Il 18 maggio davanti alle Camere riunite, subito dopo la cerimonia del giuramento, il neoletto presidente della Repubblica Ciampi ha illustrato al parlamento e al Paese le linee guida a cui intende improntare il suo mandato. E va detto subito che nel far questo non ha certo deluso le aspettative dei partiti del regime neofascista, di governo e di "opposizione", dell'alta finanza, della massoneria, dei circoli militaristi e interventisti, e perfino del Vaticano, che hanno puntato compattamente su di lui aprendogli le porte dorate del Quirinale.
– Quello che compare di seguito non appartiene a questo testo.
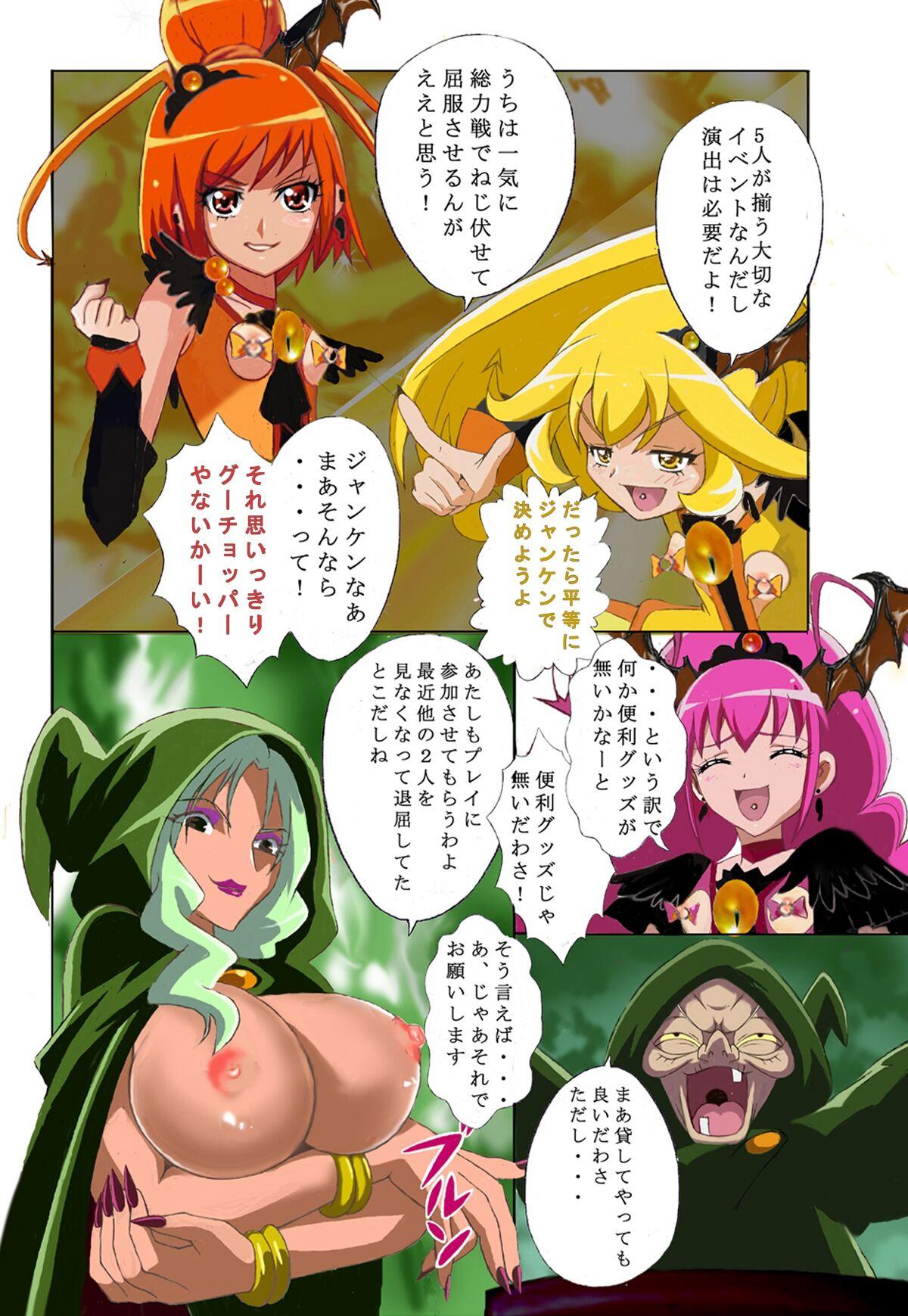 Double Evil Smile PreC*re! Bad End Full Color - Smile precure Booty - Page 5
Nel suo discorso di 25 minuti, da economista abituato ad andare subito al concreto delle cose, egli è riuscito infatti a condensare un vero e proprio manifesto neofascista, interventista e liberista della seconda repubblica, suscitando ripetute ovazioni dell'assemblea, a riprova di essersi ben meritato il titolo di "garante" dell'intero parlamento nero. Perfino le cose non dette, come l'aver evitato qualsiasi riferimento alla Resistenza - tema che i suoi predecessori avevano sempre dovuto almeno toccare, sia pure in modo del tutto retorico e formale - sono parte integrante e non involontaria di questo suo nero manifesto. Che si apre, non a caso, con un'esaltazione dell'"unità nazionale" incarnata dalla sua elezione plebiscitaria; che a sua volta gli fornisce il pretesto per sancire solennemente, nel nome della convergenza tra la destra e la "sinistra" del regime neofascista sulla sua candidatura, l'ormai avvenuta "pacificazione" a livello parlamentare e istituzionale tra antifascisti e fascisti, per ricomporre le fratture del passato e ricostituire tutta l'unità e la forza dell'Italia in vista delle sfide europee e mondiali.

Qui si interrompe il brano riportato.